Myrtle Beach area residents seeing more coyotes. Here’s why there are more of them
Coyotes are not high on the list of animals people like, according to South Carolina Department of Natural Resources Furbearer Project Leader Jay Butfiloski, but despite decades of federal eradication efforts, their numbers have only grown in the United States.
Horry County residents have posted a slew of sightings across social media recently, but Butfiloski said it’s as normal as seeing a deer in the backyard.
“For some time they’ve essentially been everywhere in the state,” he said.
South Carolina’s population has grown immensely in the last decade. Horry County has grown by nearly 18% since 2020 and is on track to reach over half a million residents by 2040. Butfiloski said with more people in the area, there’s a higher probability to encounter a coyote.
Development and clearing of trees may also prompt coyotes to travel through a neighborhood to get to another location, contributing to more sightings. Their population has also grown because of their adaptability.
“All they need is a little bit of green space,” Butfiloski said. “They can kind of eke out a living, sometimes a very decent living.”
Coyotes may thrive in tourist areas, like Myrtle Beach, because of the amount of trash generated that ends as a food source for the furbearers. Other “people-supplied” food sources, like leaving dog food bowls outside or filling bird seed, can keep them near.
“They’re very opportunistic in what they eat, and so they will take advantage of any food that’s put out,” Butfiloski said.
What to do if you encounter a coyote
Just seeing a coyote in a residential area isn’t enough to alert animal control.
Butfiloski said if you encounter a coyote with a small pet, pick the pet up immediately. You can yell and throw things at the coyote to shoo it away, but if it doesn’t move, it is best to slowly back away until it leaves. Do not run from a predator, or it could trigger an escape response.
According to SCDNR’s website, coyotes could potentially carry rabies.
Myrtle Beach Police Department’s Animal Control Unit only responds to wildlife emergencies which are incidents involving wild animals where an immediate danger to public health and safety is present. Officers do not keep track of coyote sightings and haven’t responded to a coyote related emergency recently, Patrolman Steven Trott said by email.
Most coyote related attacks involve someone’s pet, Butfiloski said. Even these cases are rare. SCDNR typically only sees a couple reports involving an attack per year. They are far less common than a report of normal dog bites, he said.
There has never been a coyote-related death in South Carolina, Butfiloski said. Only two coyote-related deaths have ever been recorded in North America, one in the 1980s in California involving a young child and another in Canada within the last 15 years involving a woman who was hiking alone.

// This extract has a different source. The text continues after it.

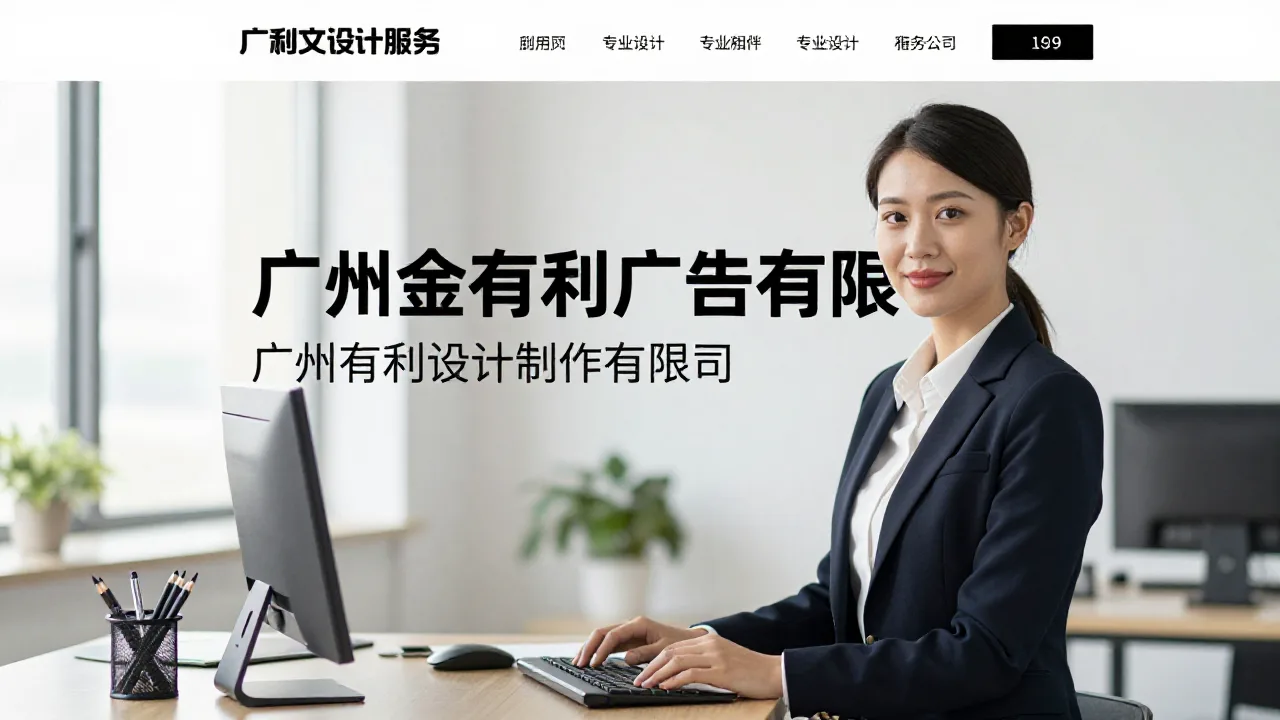 光纤激光焊接机厂家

If a coyote-related emergency occurs, call a local animal control or SCDNR’s Operation Game Thief at 1-800-922-5431. Myrtle Beach Police Dispatch can be reached at 843-918-1382.
Have coyotes disrupted other animal populations?
Coyotes have primarily caused issues with the state’s deer population. While it still remains at a healthy number, some members of the sporting community have concerns about a declining deer population. Butfiloski said some studies have shown a heavy predation on fawns.
Coyotes have actually started to prey on sea turtle nests, too. Bulfuloski, and other animal experts, theorize this is actually a learned behavior, because not all coyotes have adopted this behavior.
For the ones that do, however, it is thought that they teach this behavior to their young. Whether they have learned when to spot a turtle crawl from tracks in the sand or watch when sea turtles lay their eggs, sea turtle monitoring groups have seen coyotes partake in a sea turtle egg feast.
It is not as common for coyotes to prey on eggs as it is for raccoons to, however.
State initiatives to curb coyote population growth
Because coyotes are not native to the state, first arriving in 1978, a 2016 budget provision implemented a coyote incentive program to encourage South Carolinians to shoot and kill coyotes. Every year DNR employees tag and release four coyotes from each of the four game zones.
Until 2023, the reward was a lifetime hunting liscense, but it is now a $3,000 cash reward.
The program was targeted toward, but not limited to, deer hunters who are the most likely to be seeing coyotes in the woods anyway. Some hunters thought shooting a coyote could run off a deer, but SCDNR created this incentive for them to shoot it anyway.
Over the 10 years, 160 coyotes have been tagged, and 80 of them have been turned in.
Upwards of 25,000 to 30,000 coyotes are killed in the state annually. Including coyote kills that are not reported to SCDNR, that number could be closer to 40,000, Butfiloski said.